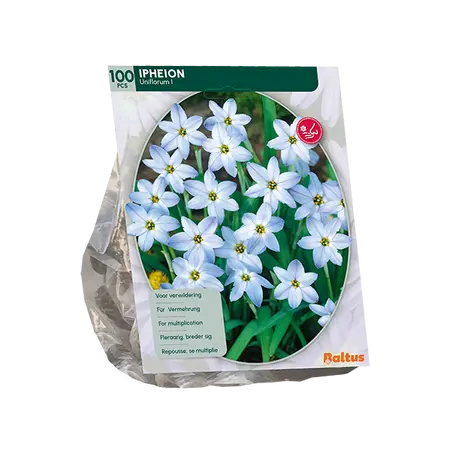 Ipheion per 100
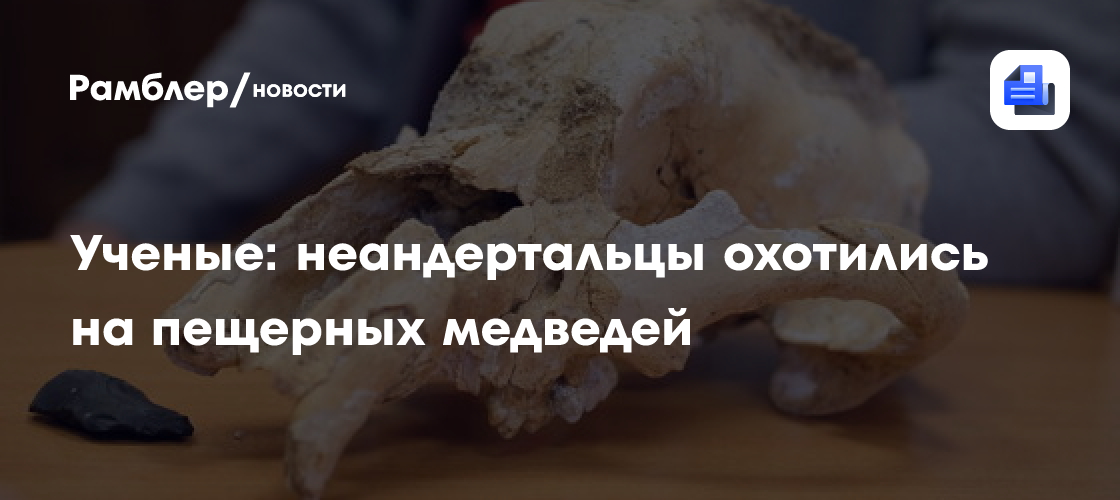 Ученые доказали, что неандертальцы охотились на пещерных медведей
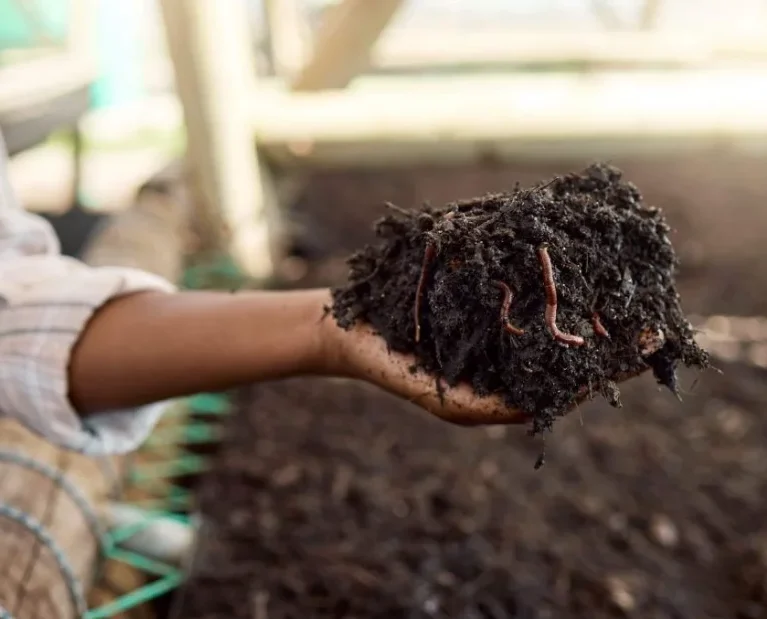 For decades, conventional farming has leaned heavily on synthetic fertilizers to boost yields quickly. But this short-term approach comes at a long-term cost: depleted soil, reduced microbial activity, and diminishing returns season after season. At Martnege International Suppliers, we believe it's time growers rethink what "feeding the soil" really means.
#####
(Work to be completed) The required answer is the material repeated exactly, with no images in it.

(Task output)
 Ipheion per 100
 Ученые доказали, что неандертальцы охотились на пещерных медведей
 For decades, conventional farming has leaned heavily on synthetic fertilizers to boost yields quickly. But this short-term approach comes at a long-term cost: depleted soil, reduced microbial activity, and diminishing returns season after season. At Martnege International Suppliers, we believe it's time growers rethink what "feeding the soil" really means.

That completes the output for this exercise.